For instance, a 1964 Louisiana literacy test allowed 10 minutes for 30 questions where one wrong answer meant failure. It instructed applicants to draw interlocking shapes, cross out words in certain ways and follow instructions such as “Write right from the left to the right as you see it spelled here.”
In other tests, applicants had to recite a section of the Constitution by heart.
In each case, the grading depended on the satisfaction of the individual administer, which meant that correct answers given by black citizens could be deemed wrong while incorrect answers given by white citizens could be overlooked.
Civil Rights and Television
Concurrent with the peak of the Civil Rights Movement was the peak in popularity of American television, which was largely created by and for white audiences. Occasionally, however, black actors would have the chance to shine in leading roles.
One such example is an episode of “The Twilight Zone,” entitled “I Am the Night — Color Me Black.”
Broadcast in 1964, the same year that the Civil Rights Act outlawed public segregation, the episode dealt with a white man who is wrongfully convicted of killing his bigoted neighbor in self-defense.
The small town is enveloped in a mysterious darkness, even at nine o’clock in the morning. After the convicted man is hanged, much to the delight of the predominately-white townspeople, the black reverend explains to the townspeople that it is their own hate that caused the sky to darken.
At the end, a radio broadcast can be heard informing listeners that dark cloud is also spreading over hotspots for hate across the globe — from Berlin, Germany to Birmingham, Alabama.
In the episode’s closing narration, host Rod Serling calls hate a “sickness,” urging viewers to “look for it in a mirror. Look for it before the light goes out altogether.”
Today
Even the most subtle bi-products of prejudice may be encountered on a daily basis without one realizing it.

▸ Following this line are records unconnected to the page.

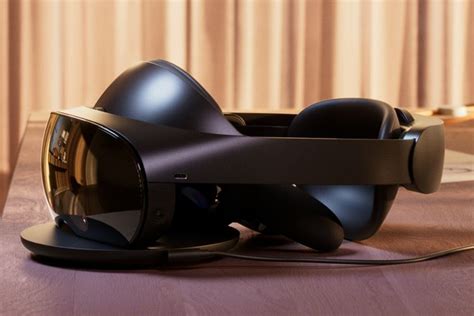 M­e­t­a­’­n­ı­n­ ­“­Q­u­e­s­t­ ­P­r­o­”­ ­V­R­ ­k­u­l­a­k­l­ı­ğ­ı­ ­y­e­n­i­ ­r­e­s­i­m­l­e­r­d­e­ ­s­ı­z­d­ı­r­ı­l­m­ı­ş­ ­o­l­a­b­i­l­i­r­
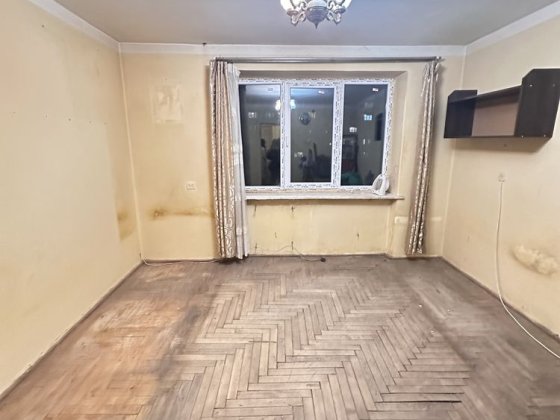 Продається 1 кімнатна квартира Ужгород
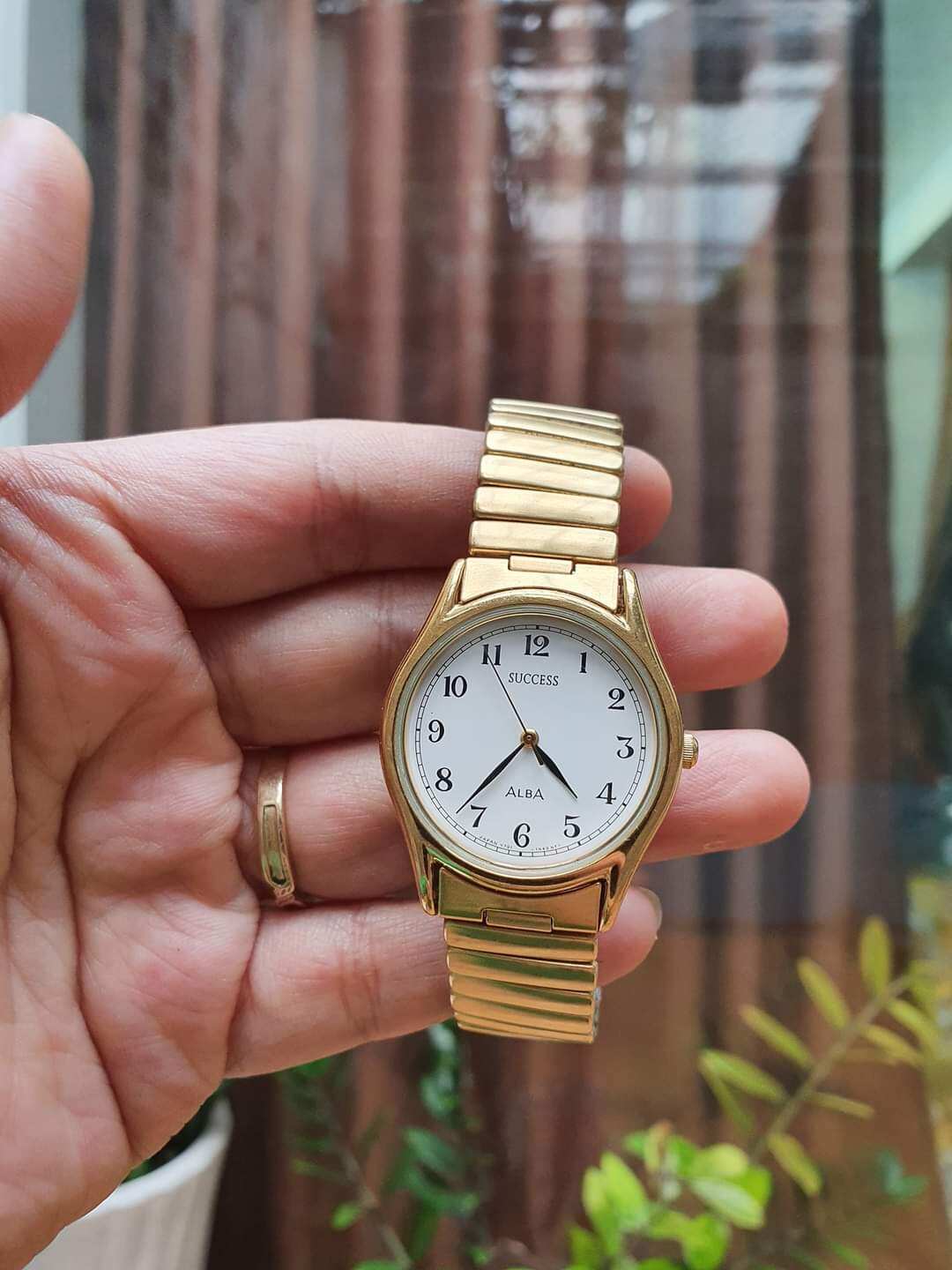 Đồng hồ Alba nữ mạ vàng không vết xước hàng bãi nhật cũ size 32.3mm cam kết chính hãng fake đền 10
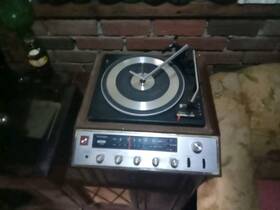 101862 Olympic Record Player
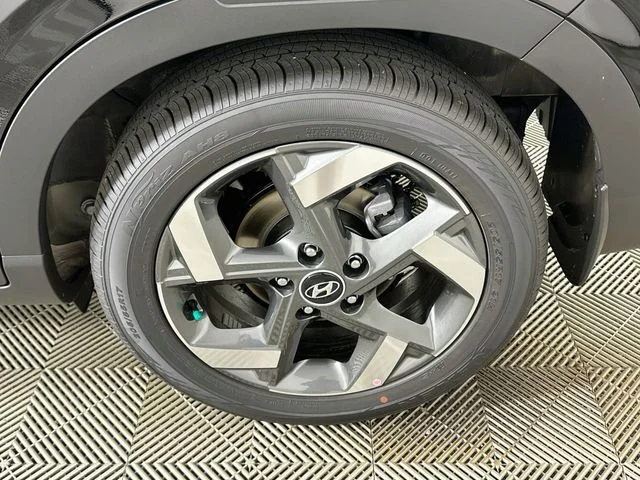 New 2026 Hyundai VENUE SEL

The color beige, for instance, is still referred to as “nude,” while remaining the standard skin tone for items ranging from bandages and earpieces to prosthetic wounds and limbs in costume stores.
Williams recalls a booth he stopped at during a recent trip to Las Vegas, where one’s face could be superimposed on to different bodies on magazine covers. “Almost all of them had white flesh,” he says. “There was one I could be, (which) was the astronaut.”
A Legacy
Williams says his favorite part of Living Voices comes with talking as fast as he can to fit as much information into the session as possible, and afterwards, witnessing the change that has taken place in the faces of the audience.
One audience member was SCC faculty member Dr. Gloria Ngezaho, who leads the Office of Employee Engagement, Equity, and Organizational Development.
Ngezaho felt that the performance was “grounding” in an otherwise hectic world, and mentions the age-old “talk” that parents of color in the U.S. must have with their children.
“For me, as a black father, I’m still having to tell my kids, ‘you still live in a society where you’re not fully accepted’,” Ngezaho says, and notes the stressful burden that comes with making sure “they live to see 21, and 25, and 35 and 40.”
Ngezaho says it’s important to revisit history, because it’s easy to forget in the bustle of day-to-day life.
The last line spoken by Hollis in “The Right to Dream” offers a simple proposal that rings true in any context of prejudice: “What will you do?”
The views and opinions expressed in this article do not necessarily reflect those of Living Voices.